▸ **What you will do**:
Without including any pictures, give back all of the data exactly.

** Given data follows **

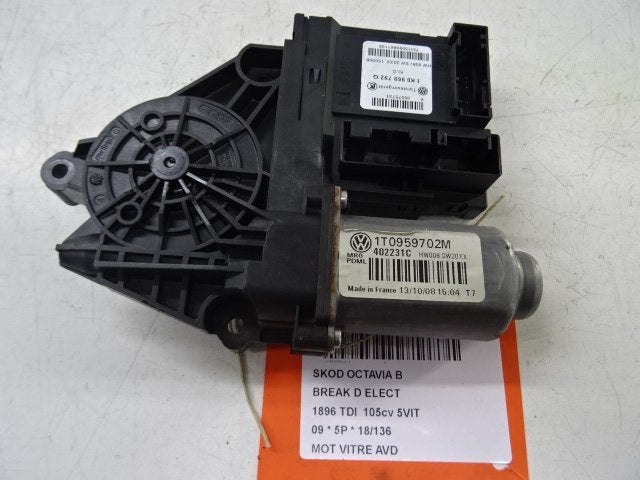 MOTOR RAAMMECHANIEK RECHTS VOOR Skoda Octavia Combi (1Z5), Gebruikt, Voor, Skoda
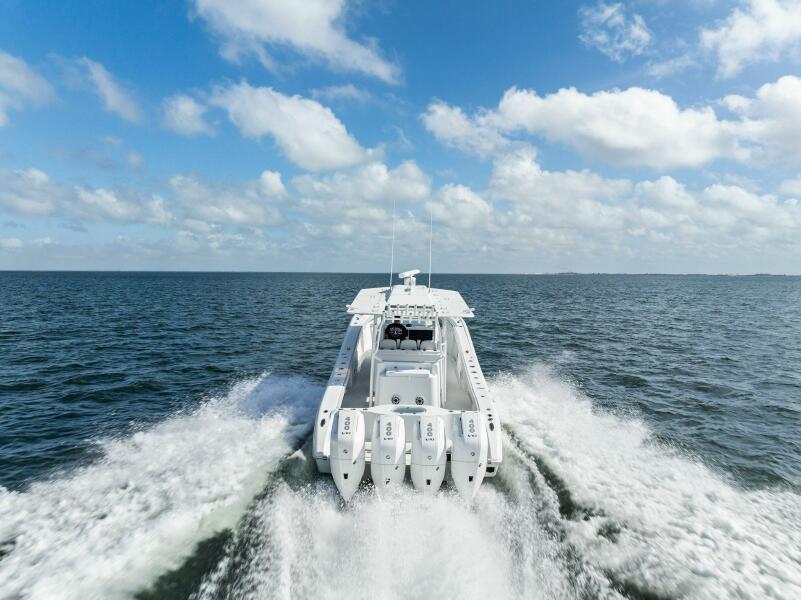 42' 2024 Yellowfin 42 Offshore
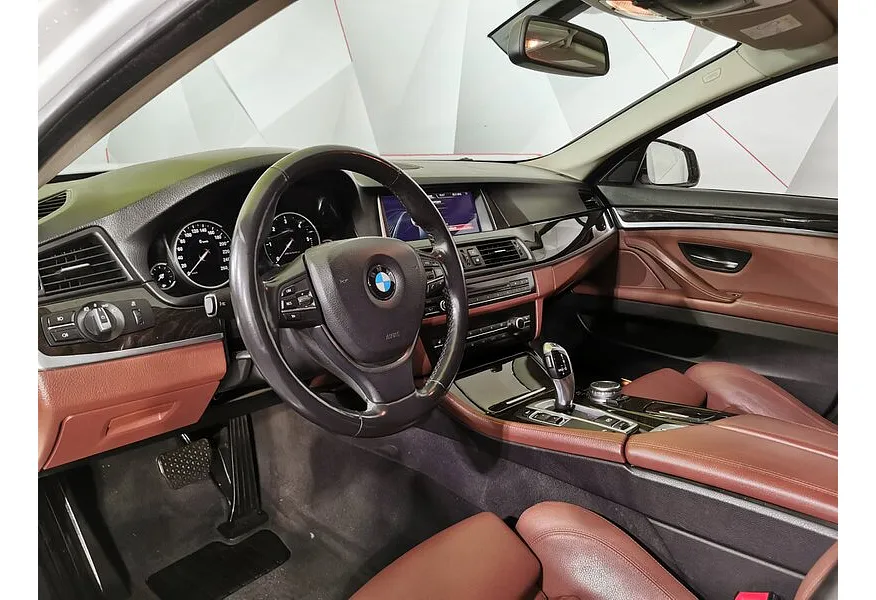 BMW 5 серия 520d Steptronic (190 л.с.) Белый в АВИЛОН. Слайд №12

** End of Given data **

▸ **Answer for the task**:
 MOTOR RAAMMECHANIEK RECHTS VOOR Skoda Octavia Combi (1Z5), Gebruikt, Voor, Skoda
 42' 2024 Yellowfin 42 Offshore
 BMW 5 серия 520d Steptronic (190 л.с.) Белый в АВИЛОН. Слайд №12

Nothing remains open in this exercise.